Task directions
Quote the lines below from the one containing "Tonies elephant habitat" to the final line, both ends included; exclude the pictures.

Supplied material
————————
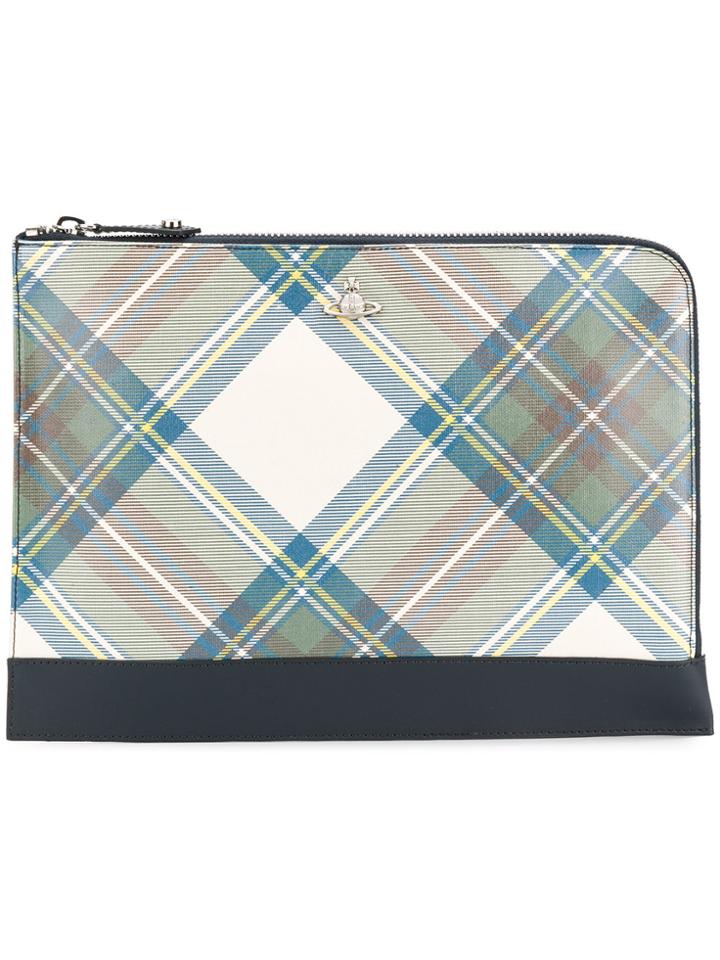 Vivienne Westwood Tartan Clutch Bag - Blue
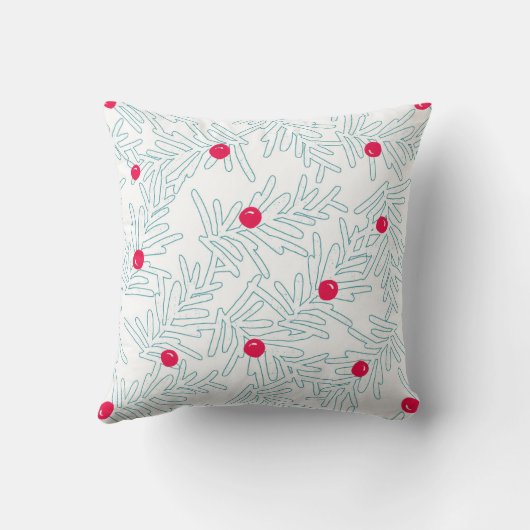 Winter Sprig Pattern | Minimal Pine Branch & Berry クッション (裏面)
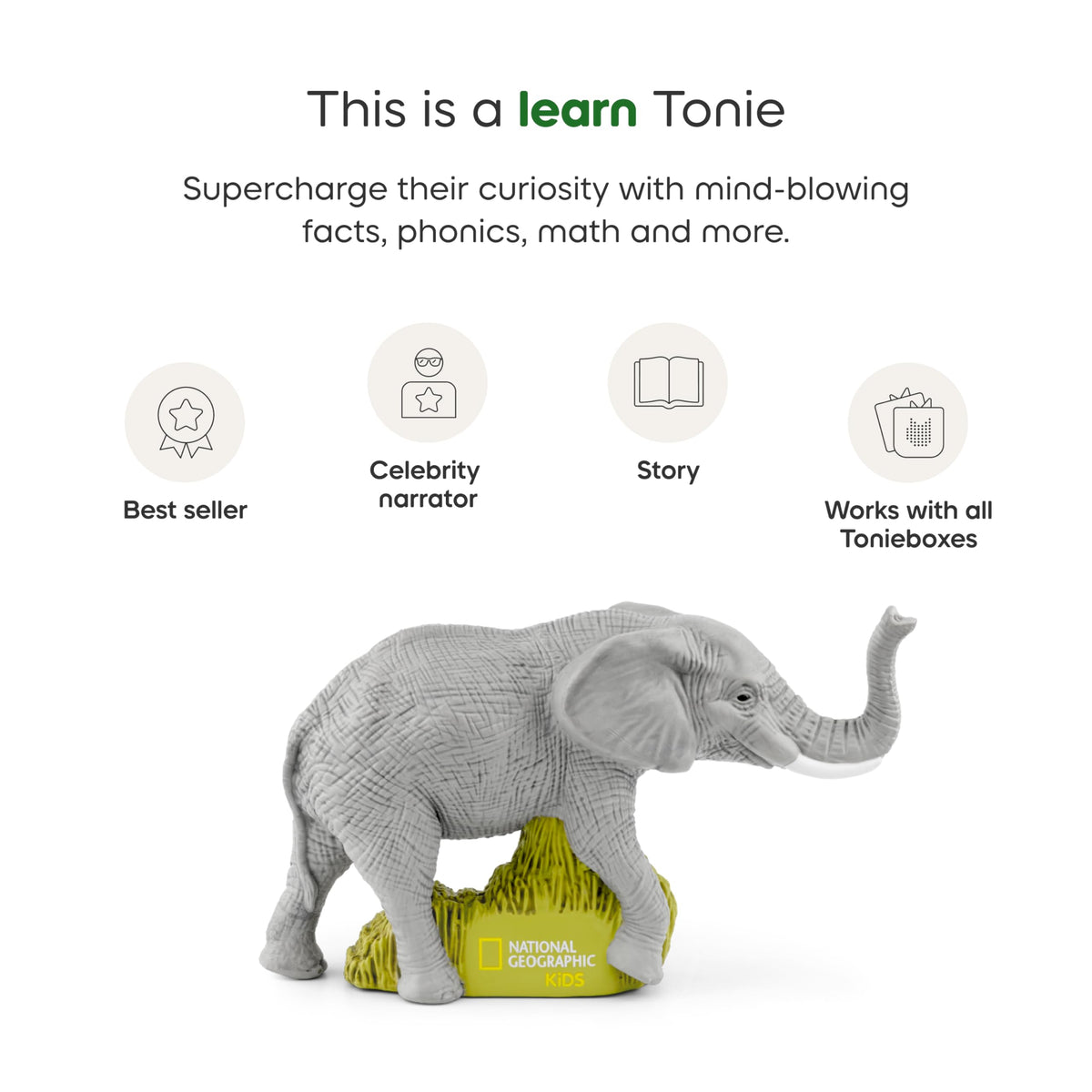 Tonies elephant habitat educational feature invites kids to explore savannah and forests.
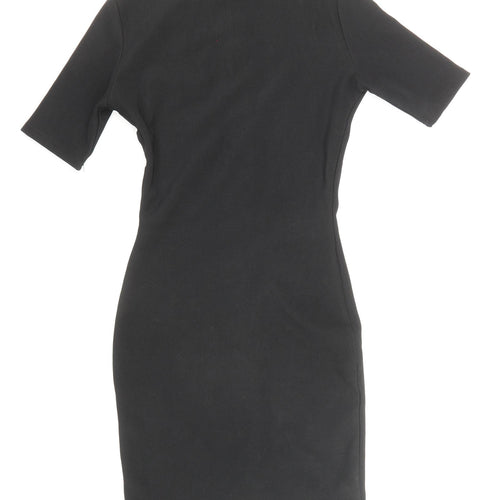 PRETTYLITTLETHING Womens Black Polyester Jumper Dress Size 6 Mock Neck Zip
————————
Result of this exercise
 Tonies elephant habitat educational feature invites kids to explore savannah and forests.
 PRETTYLITTLETHING Womens Black Polyester Jumper Dress Size 6 Mock Neck Zip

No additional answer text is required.